Hello all,
I have seen this for a long time, but never investigated further. After stable
test runs for several days, this is our last known show stopper before using
Ceph in production. We are running 0.47.2 on 32 Bit.
If we restart MDS (or all ceph daemons) on all nodes, one after another or all
together, they first recover and then the active one starts to spin with full
cpu and does not answer any more. After a while, the next takes over, starts
to spin, etc., until the whole cluster is unusable. This is completely
reproducable and happens even without any active client.
As ecpected, ceph -w shows lots of
"2012-06-15 11:35:28.588775 mds e959: 1/1/1 up {0=3=up:active(laggy or
crashed)}"
It does not help to stop all services on all nodes for minutes or longer and
to restart them - MDS will restart spinning.
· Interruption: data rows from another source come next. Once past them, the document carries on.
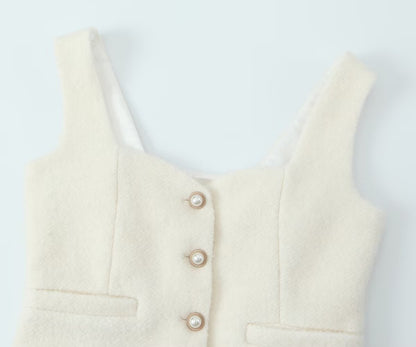 Socialite Woolen Vest Skirt Set | High Waist Fit | noémi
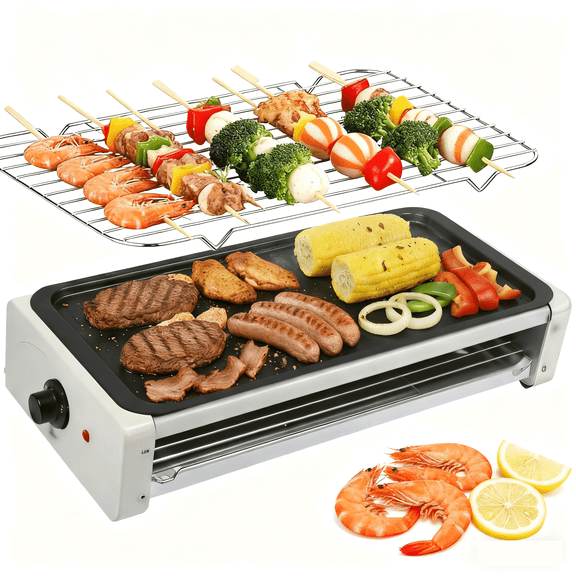 Electric Indoor Grill 1800W -2 in 1 Smokeless Indoor Grill for Kitchen with Non-stick Removable Grill & Griddle Plate,Temperature Control Korean BBQ Grill Dishwasher Safe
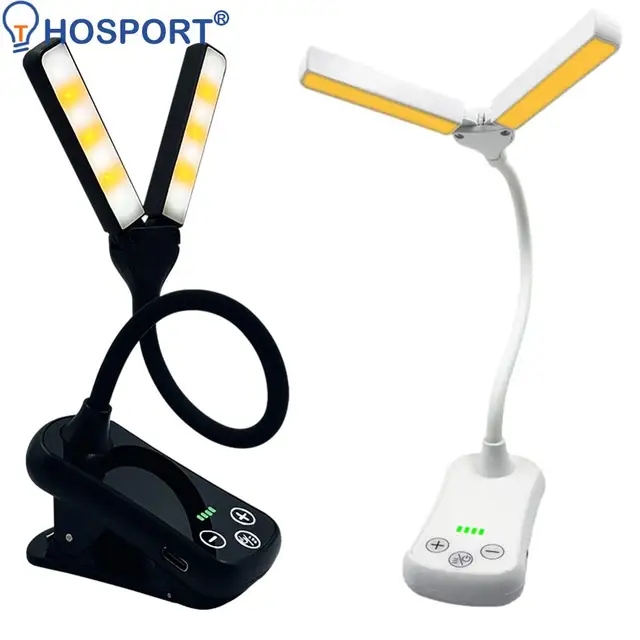 Dual-Head Book Lamp Three-Button Touch Small Book Light Rechargeable Adjust Brightness 14 LED for Travel Bedroom Reading 2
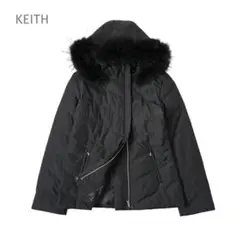 KEITH キース ダウンジャケット ラクーンファー 黒 ブラック M 38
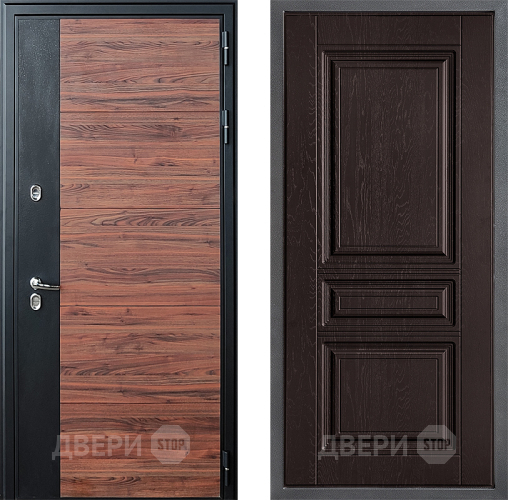 Входная металлическая Дверь Дверной континент ДК-15 Красное Дерево ТЕРМО ФЛ-243 Дуб шоколадный в Раменском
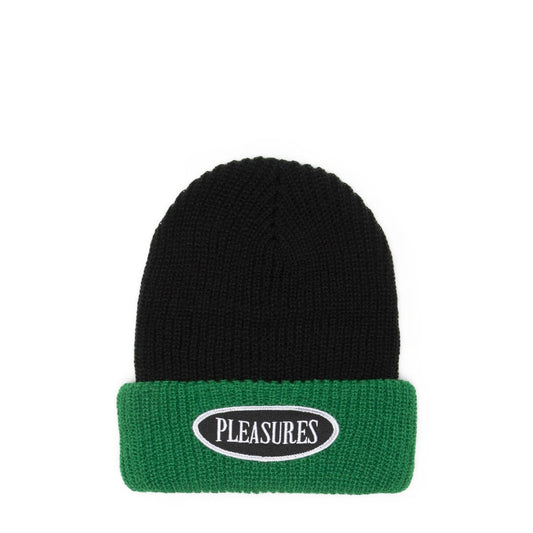 Pleasures Headwear BLACK/GREEN / O/S LOGO TWO TONE BEANIE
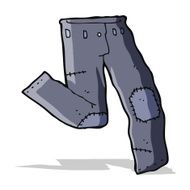 cartoon patched old jeans N10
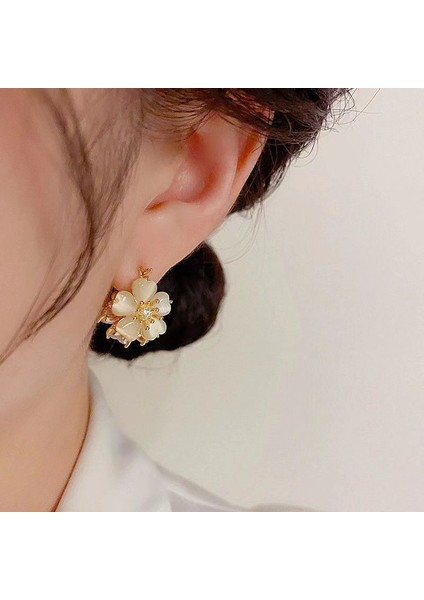 Hengshan Ikiz Çiçekler Lotus Göleti Ayışığı Çiçekleri Çift Taraflı Tatlı Küpe Kadın Kişiselleştirilmiş Kedi Gözü Zarif Küpe (Yurt Dışından) fırsatları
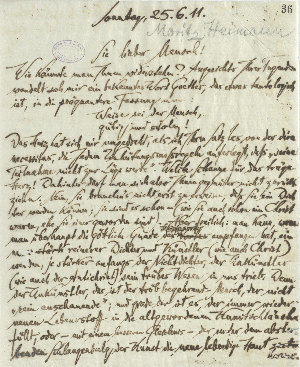 Vorschaubild von Brief an Moritz Heimann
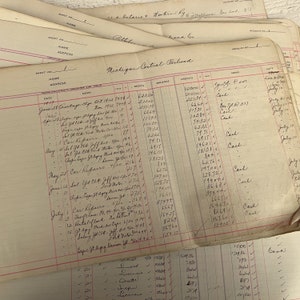 May include: A close-up of a ledger page with handwritten entries for the Michigan Central Railroad. The page shows dates, debits, credits, and a balance column. The entries include details like "Car Repairs", "Crockage", and "Salvage".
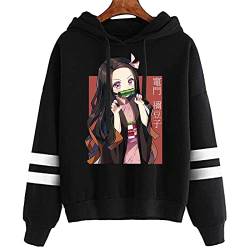 zhedu Japan Anime Demon Slayer Hip Hop Nezuko Kamado Hoodie Sweatshirt Lustige Streetwear Fashion Striped Hooded (M,Color 01) von zhedu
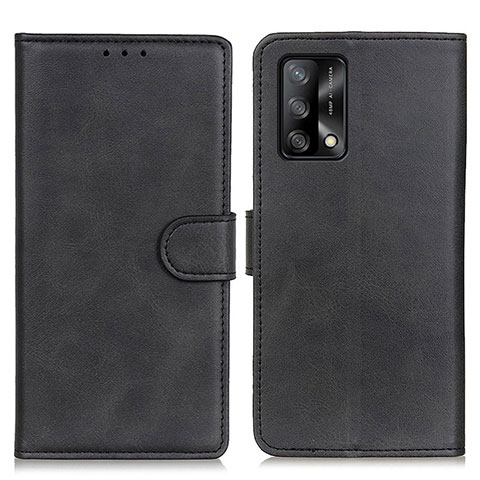 Funda de Cuero Cartera con Soporte Carcasa A05D para Oppo F19 Negro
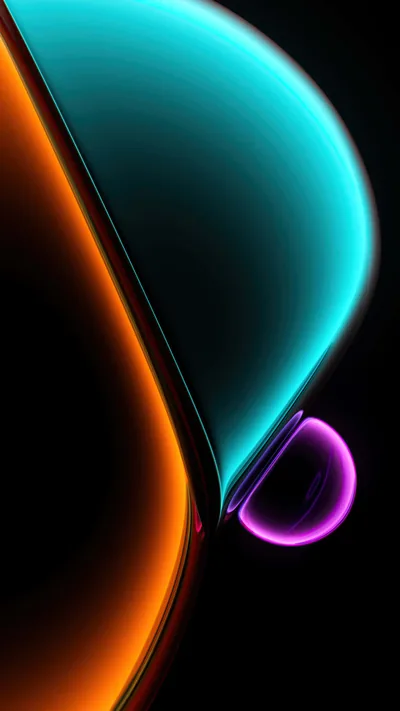 Glowing teal, orange and magenta arcs cross a pure black field, the small magenta ring sitting right of centre; unlit black dominates, easy on battery.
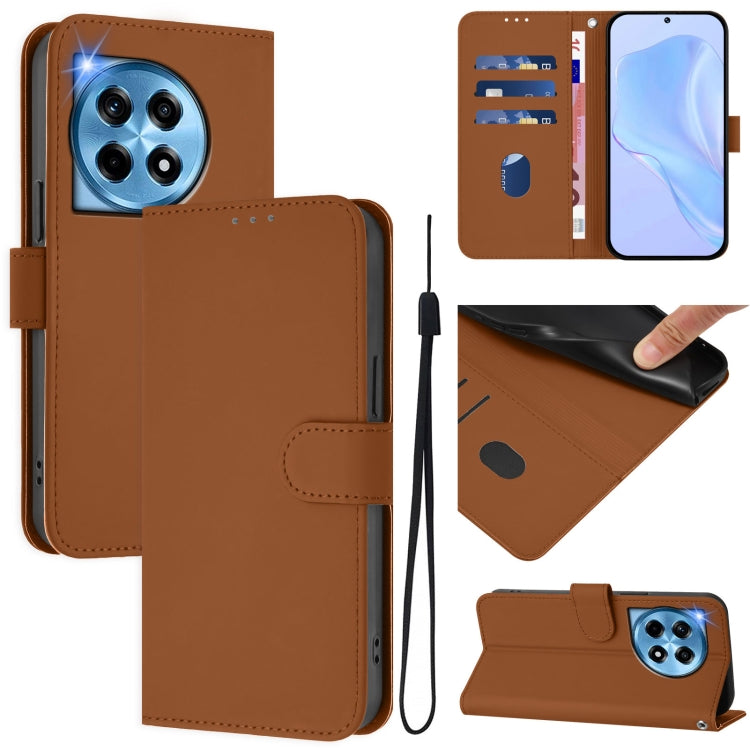 Skin Feel Solid Color Leather Phone Case with Lanyard, Series 1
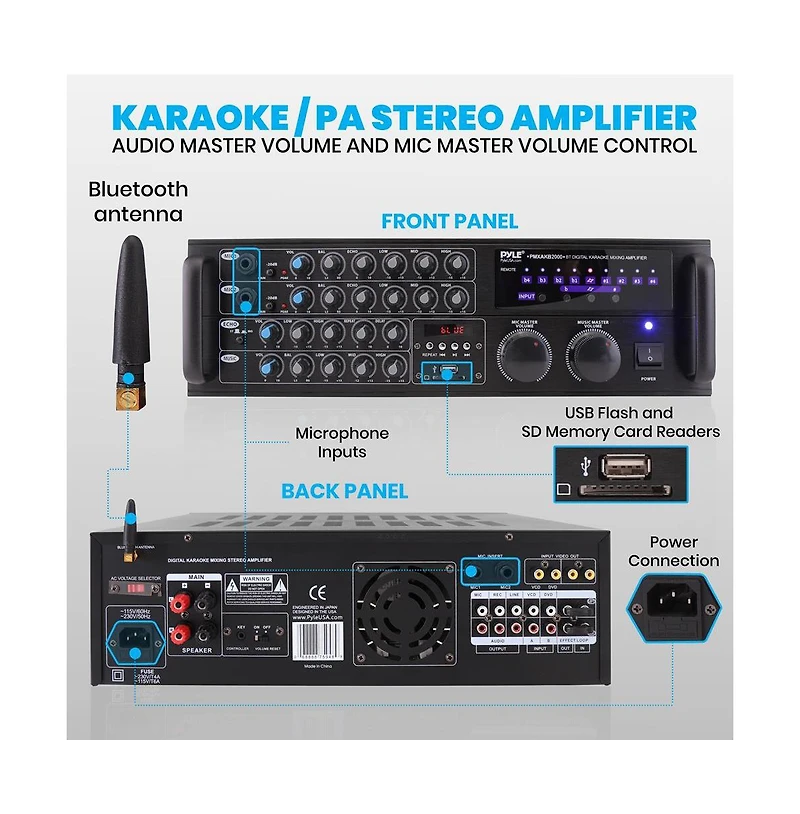 Pyle 2000W Bluetooth Stereo Mixer Karaoke Amplifier - PMXAKB2000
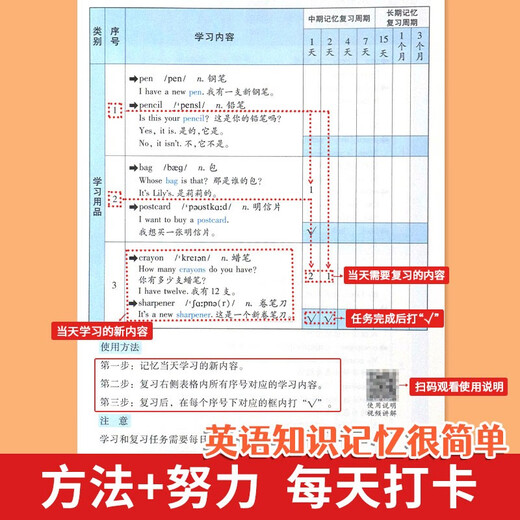 【科目自选】培优小状元小学默写背诵打卡计划艾宾浩斯遗忘记忆法语文必背古诗词文英语单词词汇知识曲线本 【两本】英语单词打卡计划单词654例+多维度默写本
But: If we reboot the whole
cluster, everything goes back to work.
Today's MDS log is available at
https://download.m-privacy.de/homeuser-mds.0.log.gz
Is this a known problem? It has been with us for a looong time now, but since
rebooting used to help, we never tracked it down.
Amon Ott
--
Dr. Amon Ott
m-privacy GmbH Tel: +49 30 24342334
Am Köllnischen Park 1 Fax: +49 30 24342336
10179 Berlin http://www.m-privacy.de
Amtsgericht Charlottenburg, HRB 84946
Geschäftsführer:
Dipl.-Kfm. Holger Maczkowsky,
Roman Maczkowsky
GnuPG-Key-ID: 0x2DD3A649
--
To unsubscribe from this list: send the line "unsubscribe ceph-devel" in
the body of a message to [email protected]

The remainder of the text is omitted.